S’il existe un droit qui serait opposable et des conditions auxquelles on peut en bénéficier, alors cela signifie qu’il y a en face un droit au logement qui serait non opposable. La loi DALO n’est donc pas une loi qui rend le droit au logement opposable, mais bien une loi qui en réduit l’opposabilité aux conditions qu’elle édicte. Elle dédouane l’Etat de ses obligations internationales.

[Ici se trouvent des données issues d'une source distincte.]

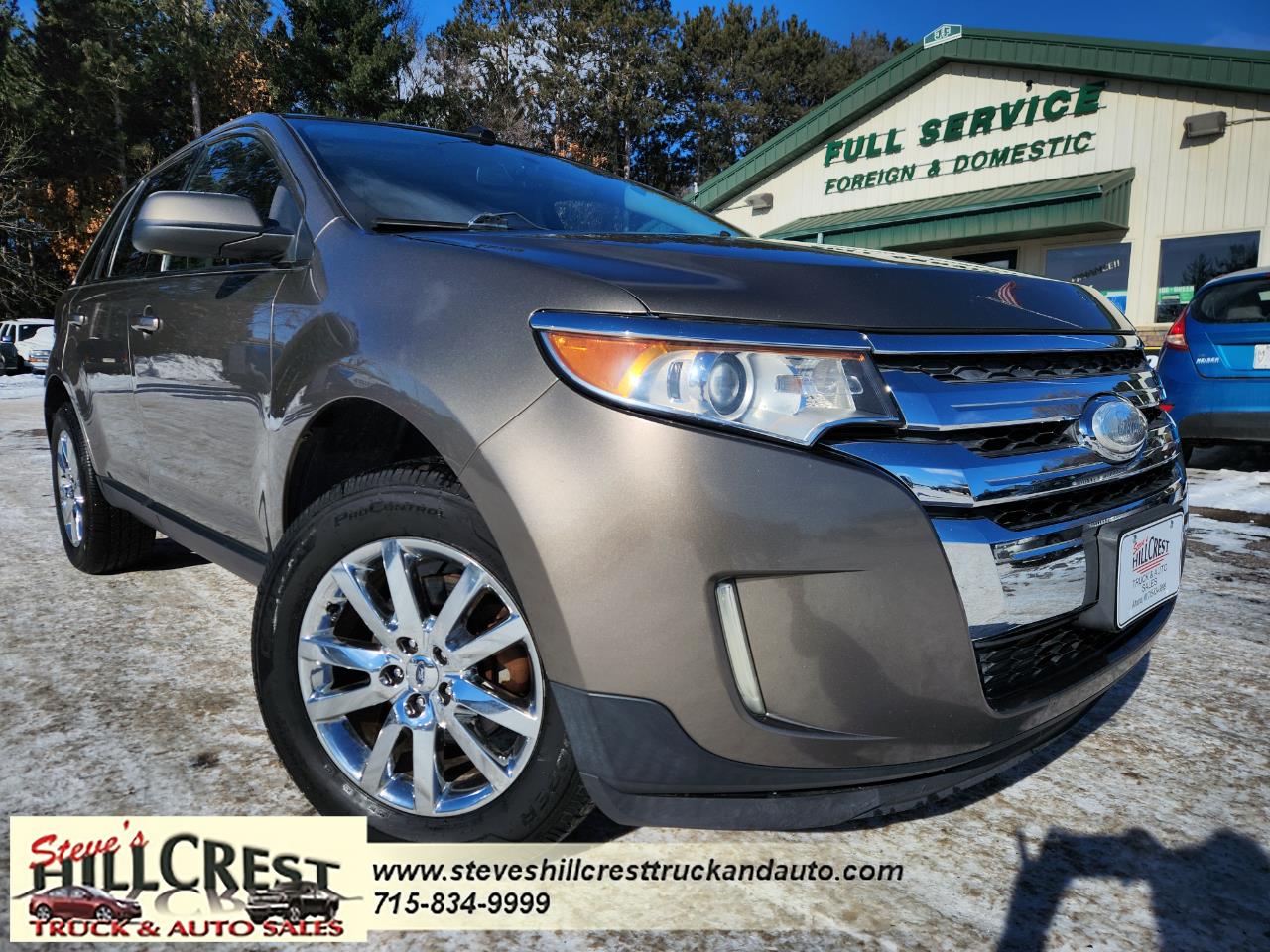 2013 Ford Edge 4dr Limited AWD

Et oblige les citoyens à démontrer, par une longue procédure, l’opposabilité de leur droit.

Hypocrisie

Que dit cette loi concernant les expulsions locatives ? Que toute personne menacée d’expulsion sans possibilité de relogement peut être reconnue DALO. Une circulaire de 2012, cosignée par votre prédécesseur Cécile Duflot et par Manuel Valls, alors ministre de l’intérieur, reconnaît même le caractère « paradoxal » pour le préfet de procéder à l’expulsion tout en ayant la charge du relogement des personnes reconnues prioritaires, et demande à ce que les préfets veillent « à mettre en œuvre systématiquement le relogement effectif du ménage dans un délai tel qu’il intervienne avant la date à laquelle le concours de la force publique sera mis en œuvre ».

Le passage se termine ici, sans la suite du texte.